My updated read would be:

zero HSL door looks promising for primary byte streams; fixed channel addresses make it inspectable; K is a compression/alignment knob; retrieved memory probably needs a separate learned interface; output packing is a separate question; and absolute sensor tasks may need an explicit magnitude channel.

So the next design rule may not be:

use zero door everywhere.

It may be:

use zero HSL for primary observations, add learned interfaces where the path is semantically different, and add explicit channels only when a measured boundary shows they are needed.

That feels like a much more useful research direction.

This is now a path-specific door question

This update is useful because the map is no longer just:

does the zero door work?

It is becoming:

which path can use a zero door, which path needs a learned interface, and which task needs extra absolute information?

That distinction feels important.

A useful reference point here is the earlier embedding-free byte line, especially Shaham & Levy, Neural Machine Translation without Embeddings, which showed that byte models can avoid learned embeddings by using fixed byte representations.
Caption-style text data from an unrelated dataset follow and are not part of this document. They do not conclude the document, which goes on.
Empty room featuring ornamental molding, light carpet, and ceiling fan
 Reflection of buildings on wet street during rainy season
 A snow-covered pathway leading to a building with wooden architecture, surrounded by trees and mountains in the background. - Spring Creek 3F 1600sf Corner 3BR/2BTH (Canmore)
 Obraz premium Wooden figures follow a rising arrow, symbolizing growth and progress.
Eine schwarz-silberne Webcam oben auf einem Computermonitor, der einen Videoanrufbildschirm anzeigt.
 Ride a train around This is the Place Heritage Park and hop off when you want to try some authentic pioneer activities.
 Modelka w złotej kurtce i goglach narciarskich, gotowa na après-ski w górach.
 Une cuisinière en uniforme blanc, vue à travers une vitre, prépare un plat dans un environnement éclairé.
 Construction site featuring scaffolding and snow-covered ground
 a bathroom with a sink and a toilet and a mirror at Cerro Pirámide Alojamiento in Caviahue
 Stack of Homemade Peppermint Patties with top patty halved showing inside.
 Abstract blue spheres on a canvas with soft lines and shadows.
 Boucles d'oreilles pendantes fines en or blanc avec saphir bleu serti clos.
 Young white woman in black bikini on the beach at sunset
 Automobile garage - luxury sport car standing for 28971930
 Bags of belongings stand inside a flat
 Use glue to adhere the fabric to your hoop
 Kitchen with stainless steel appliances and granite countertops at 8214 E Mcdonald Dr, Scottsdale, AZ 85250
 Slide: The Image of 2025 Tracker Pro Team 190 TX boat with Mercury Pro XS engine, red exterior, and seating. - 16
But HoLo_ZeRo is now moving into a more specific question: not merely “can the input embedding be removed?”, but “which interfaces can remain fixed, and which interfaces need learned adapters?”

That is a sharper question.

The channel-knockout matrix is probably the most important new result

The channel-knockout table seems especially valuable because it makes the fixed-address design pay off.

The zero door is not only saving parameters. It is making the first interface inspectable.

Observation	My read
text/caption lean heavily on Fourier	local byte prediction may rely more on bit-pattern structure/distribution than on raw numeric locality
image leans more on Δ + phase	decoded image-like bytes seem to use numeric-local / phase-like structure
audio spreads over Δ + Fourier + phase	audio seems to use a mixed signal-like representation rather than one dominant channel family
boundary is near zero everywhere	useful negative control under fixed K-packing

The boundary-channel result is actually nice. If every channel looked important, the knockout would be harder to trust. The fact that boundary stays idle under fixed patching makes sense: with fixed K, the model does not need to ask “where does the unit end?”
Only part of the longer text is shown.